Mais j’ai encore du mal à voir ce que tu veux dire. Parce qu’un QCM, je reste persuadé que c’est essentiel dans un cours (QCM ou autre exercice) et tu dois certainement penser pareillement. On retient encore plus de choses en adoptant des exemples concret et en se satisfaisant de voir notre progression. Le fait de « bloquer » (désolé c’est un peu fort mais je n’ai pas d’autres synonymes en tête ^^ ) l’accès aux QCM, réservés uniquement aux membres, ne serait-ce pas un peu une contrainte ? De mon point de vue, je pense que si j’étais arrivé sur le site du zéro et que les QCM étaient inaccessible, du moins accessible qu’aux membres, cela m’aurait un peu rebuté ou déçu. Si, je pense qu’il y a bien un lien entre les deux : si je veux apprendre et que je suis contrains de m’inscrire alors que tout le reste du cours est accessible cela va me décevoir/rebuter. Ou alors, cela peut avoir l’effet inverse ? Et faire monter l’envie d’aller plus loin en s’inscrivant ? Finalement, je me suis embarqué dans une piste de réflexion un peu complexe. ou alors je créer des problèmes où il n’y en a pas… -__-
Désolé si je suis un peu long à comprendre, je ne voudrais pas te faire perdre ton temps…
Du coup, me viens des questions : qu’aller vous pouvoir tirer des informations de la progression de chaque membre sur chaque cours ? Comment vous pouvez traiter ces données ? Cela va permettre aussi au membre d’avoir ses propres statistiques ?
Que le membre puisse déjà avoir un aperçu de sa progression, ça sera très bien.
Au-delà, j’ai des idées comme regrouper des lecteurs pour qu’ils se motivent et avancent dans la lecture ensemble, mais ça se fera sur un plus long terme.
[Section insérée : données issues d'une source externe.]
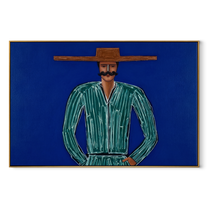 Green Lines Hold Cobalt - Mustached Green Figure painting by Adrian Lee, mid-century modern horizontal wall art – wood frame on white background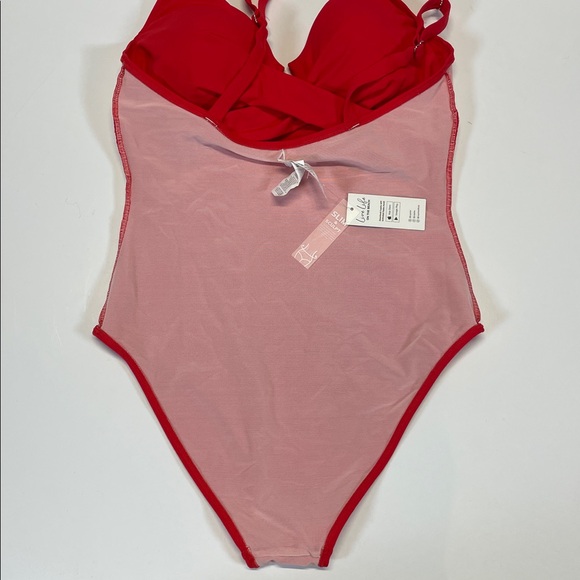 Cupshe Red Shaping One Piece Slim Sculpt Swim Size L - Picture 6 of 7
J’aimerais rebondir sur cette série d’articles sur les MOOC. Je pense qu’il est important de distinguer deux classes d’apprenants: ceux qui apprennent car ils en ont besoin (lien avec le cursus scolaire ou nécessité professionnelle) et ceux qui suivent un cours en loisir. Il n’est pas particulièrement compliqué de capter l’attention des premiers … mais la vrai compétitivité entre les MOOC, là où se situe le nerf de la guerre c’est d’arriver à capter la masse d’auditeurs « loisirs » et à les fidéliser. D’où la question comme faire en sorte que ce qui est à priori un labeur (apprendre) devienne un plaisir. Si ca a fonctionné pour les cours d’informatique c’est à mon avis du au fait que l’informatique amène à la création. Les cours d’info du SDZ permettent de créer (des programmes, des sites web, des images, des videos etc…), ca touche la part « homo habilis » qui est en chacun de nous. Et cette part là à tendance à être de moins en moins stimulée, dominée par l' »homo fluxus » (celui qui ne fait qu’apprendre, traiter de l’information, mais ne crée rien). Les cours qui peuvent réellement capter un maximum d’apprenants et surtout les garder sont ceux qui tombent justement dans ce côté « je m’amuse les jours de pluie » (cours de menuiserie, dessin, jardinage, informatique bref n’importe quoi qui puisse être un minimum mis en pratique). En fin de compte je suis persuadé que des cours de science de math ou autre ne rencontreront que peu d’adeptes si l’on n’arrive pas à en sortir quelque chose de pratique.
slt…je vous tire mon chapeau…félicitation…vraiment du brainstorming.